As a landlord, some of your biggest concerns are getting the rent paid on time and being reimbursed for any damages tenants do to your rental property. Many landlords address these concerns by collecting advance rent payments and security deposits.
If you collect either of these deposits but don’t end up using the full amount you received, you’ll have to return what’s left to your tenants. This refund might impact your taxes and affect your bottom line.
As the name implies, advance rent is the full or partial payment of rent by a tenant for a future period of time. Landlords often require tenants to prepay the last month’s rent as a protection against being shorted if tenants move out at the end of the lease without making their final payment. Collecting advance rent can also be a hedge against renting to high-risk tenants: For example, you might rent to tenants with bad credit on the condition that they pay you the first six months of rent up front.

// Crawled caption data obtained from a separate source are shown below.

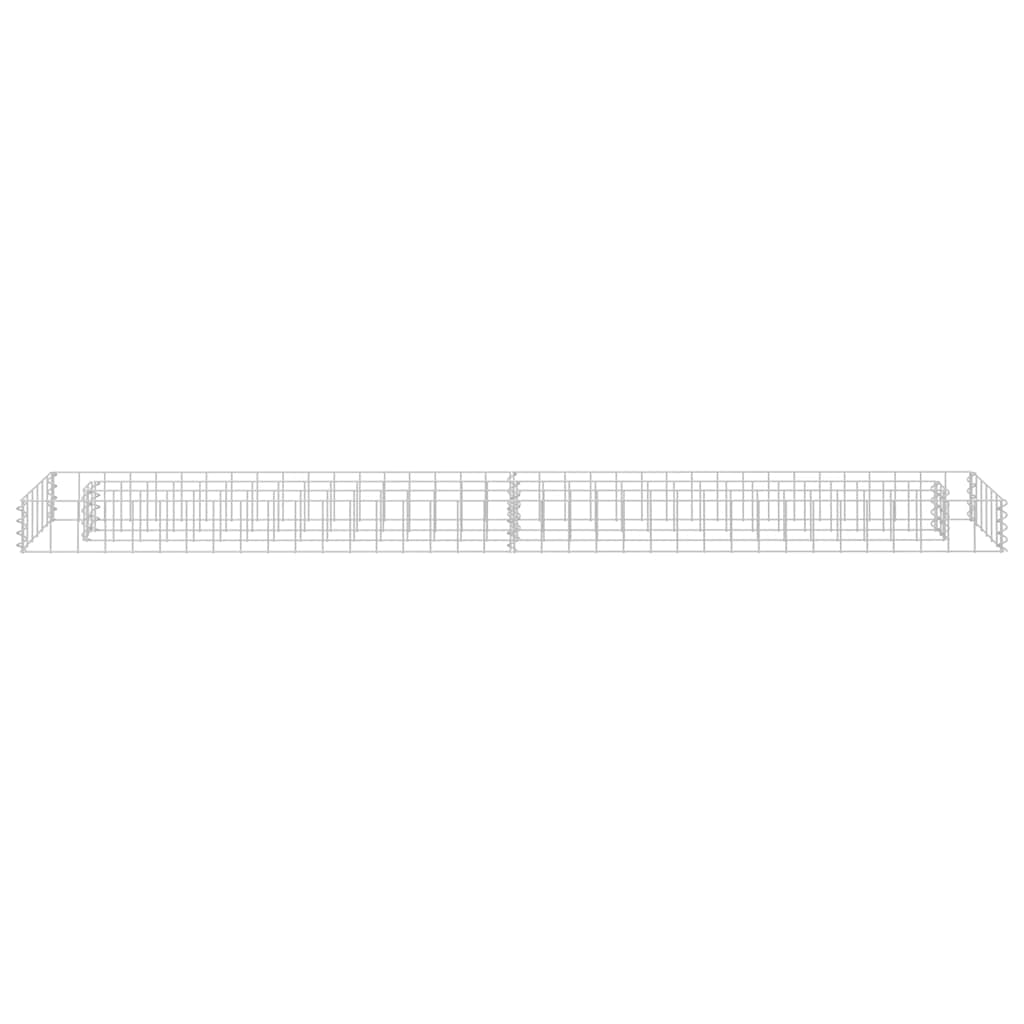 Συρματοκιβώτιο-Γλάστρα Υπερυψωμένη 180x30x10 εκ. Γαλβ. Χάλυβας - PAKOBAZAAR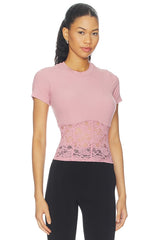 Ember Rib Lace Short Sleeve Tee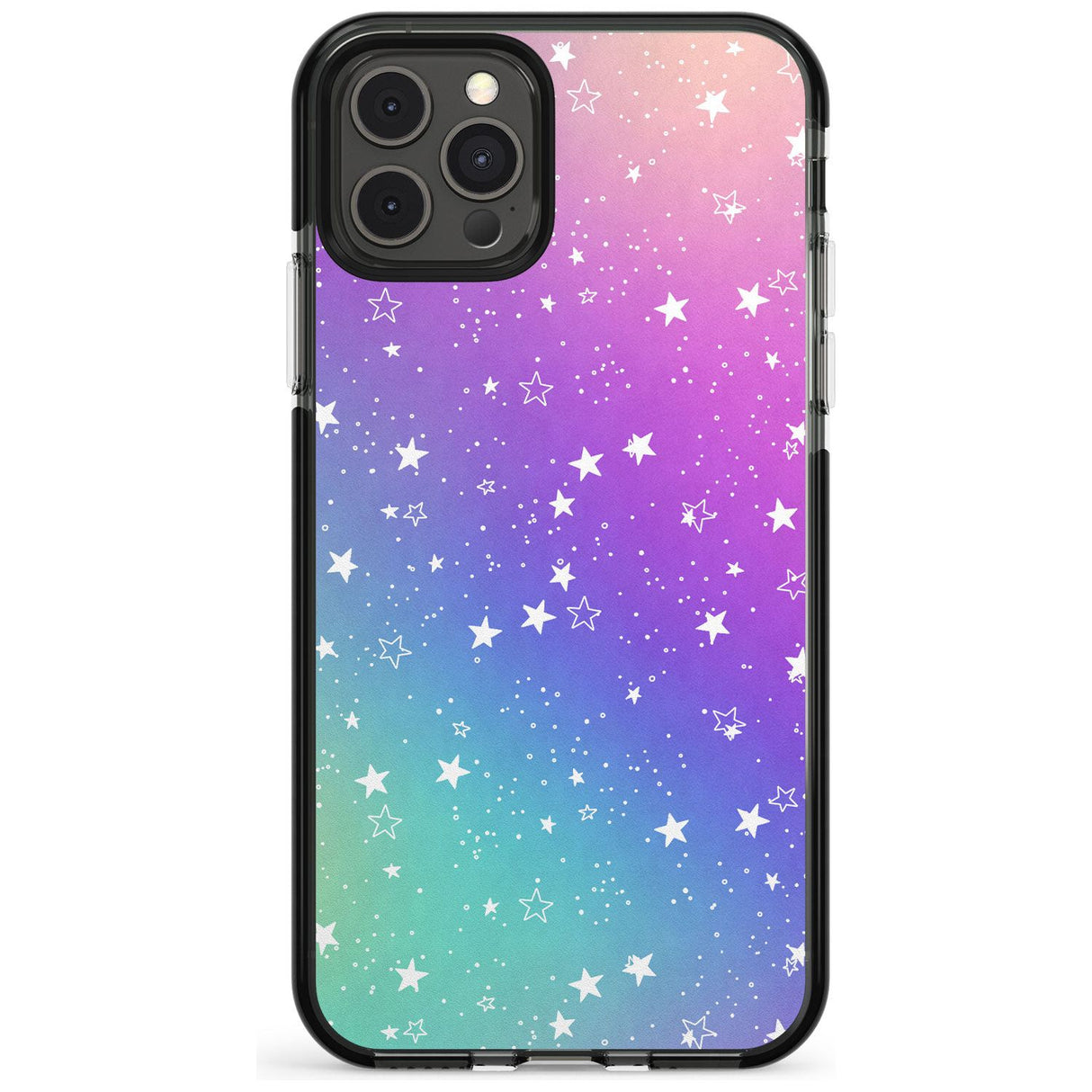 White Stars on Pastels Pink Fade Impact Phone Case for iPhone 11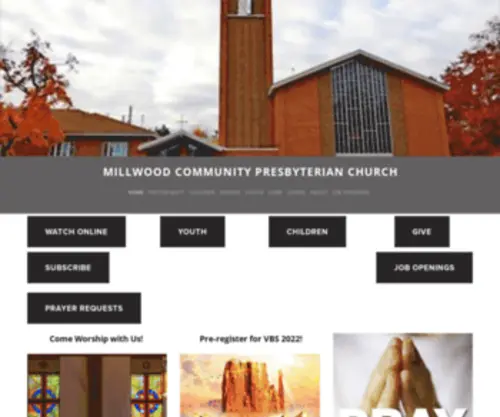 Millwoodpc.org(Millwood Community Presbyterian Church) Screenshot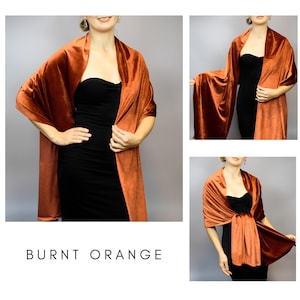 Pink blush velvet velour wrap shawl bolero Winter wedding shrug velvet scarf pink mauve velvet, rose velvet,velvet scarf, warm bridal scarf Burnt orange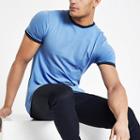 River Island Mens Muscle Fit Tipped T-shirt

You may use the advance rent payment in whatever way you’ve designated it in your lease or rental agreement. If you’ve called it “last month’s rent,” you may use it to cover only rent owed for the final month of the tenancy. If you simply referred to it as “advance rent,” you may use it to cover any rent owing at any point during the tenancy.
Typically, landlords don’t refund advance rent. Rather, they apply the funds toward rent for the timeframe specified in the lease or rental agreement. If you decide to refund advance rent to a tenant for some reason (perhaps because you agree to terminate the lease early), consider consulting with a tax professional to discuss how to best classify the refund for tax purposes.
Advance rent is considered taxable income to you in the year you receive it from tenants. This is true even if the advance payment isn't mentioned in the lease or rental agreement.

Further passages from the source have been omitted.